### [GIVEN INFORMATION]
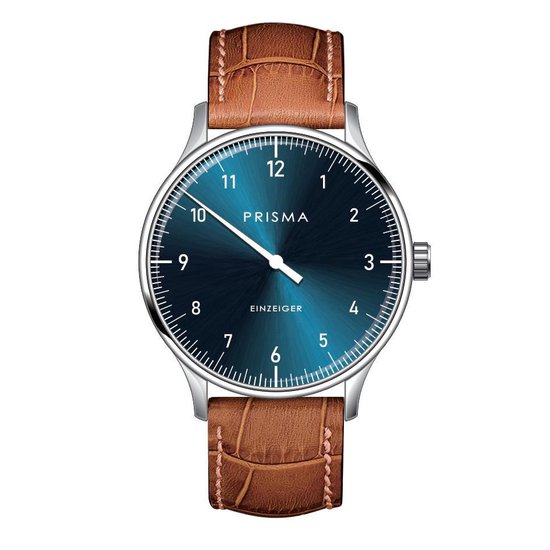 Prisma Design 'Einzeiger' - Eenwijzer Horloge Blauw 40mm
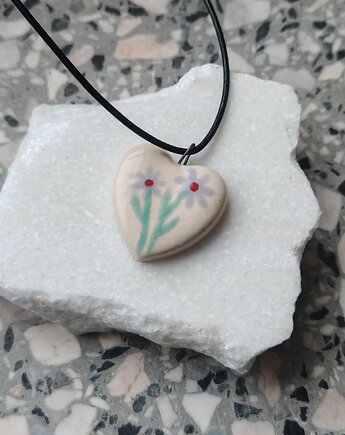 Naszyjnik z ceramiczną zawieszką handmade, MOM S HANDMADE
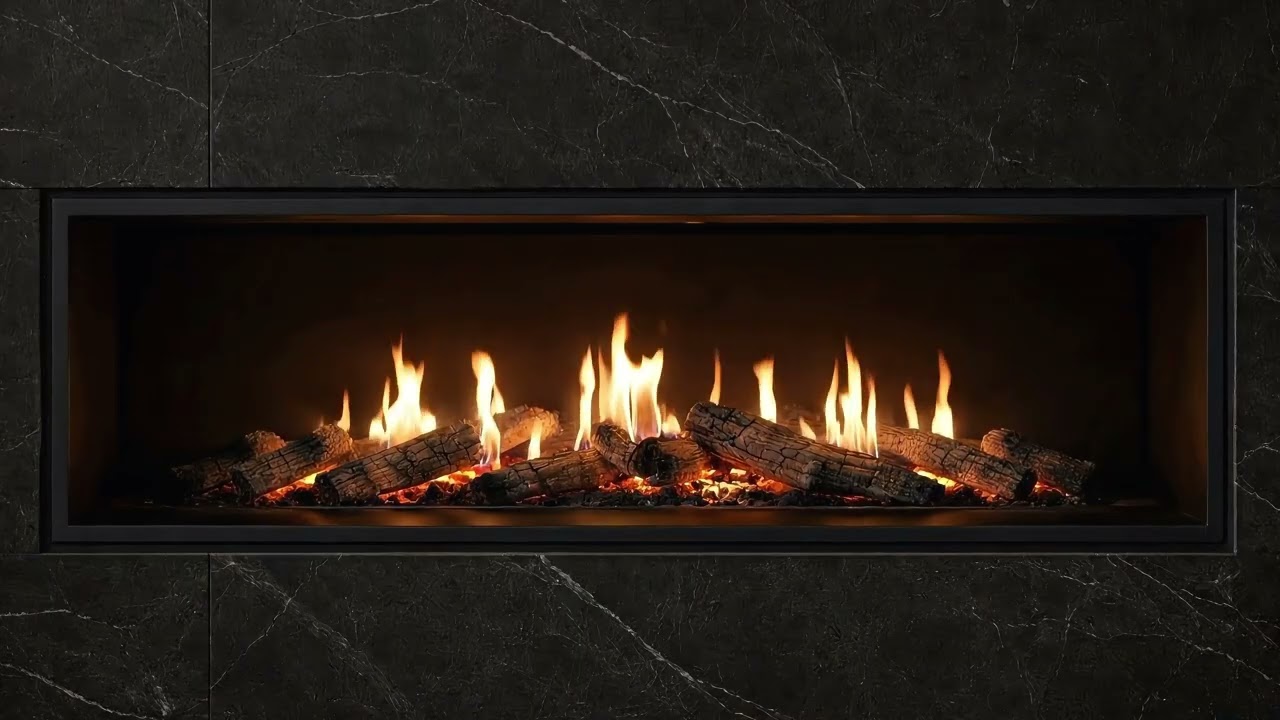 Fireplace Ambience for TV & Sleep | Nero Marquina Marble Fireplace | 8 Hours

### [THE PROBLEM]
Please copy out the whole listing exactly as it stands, minus the pictures.

### [ANSWER TO THIS EXERCISE]
 Prisma Design 'Einzeiger' - Eenwijzer Horloge Blauw 40mm
 Naszyjnik z ceramiczną zawieszką handmade, MOM S HANDMADE
 Fireplace Ambience for TV & Sleep | Nero Marquina Marble Fireplace | 8 Hours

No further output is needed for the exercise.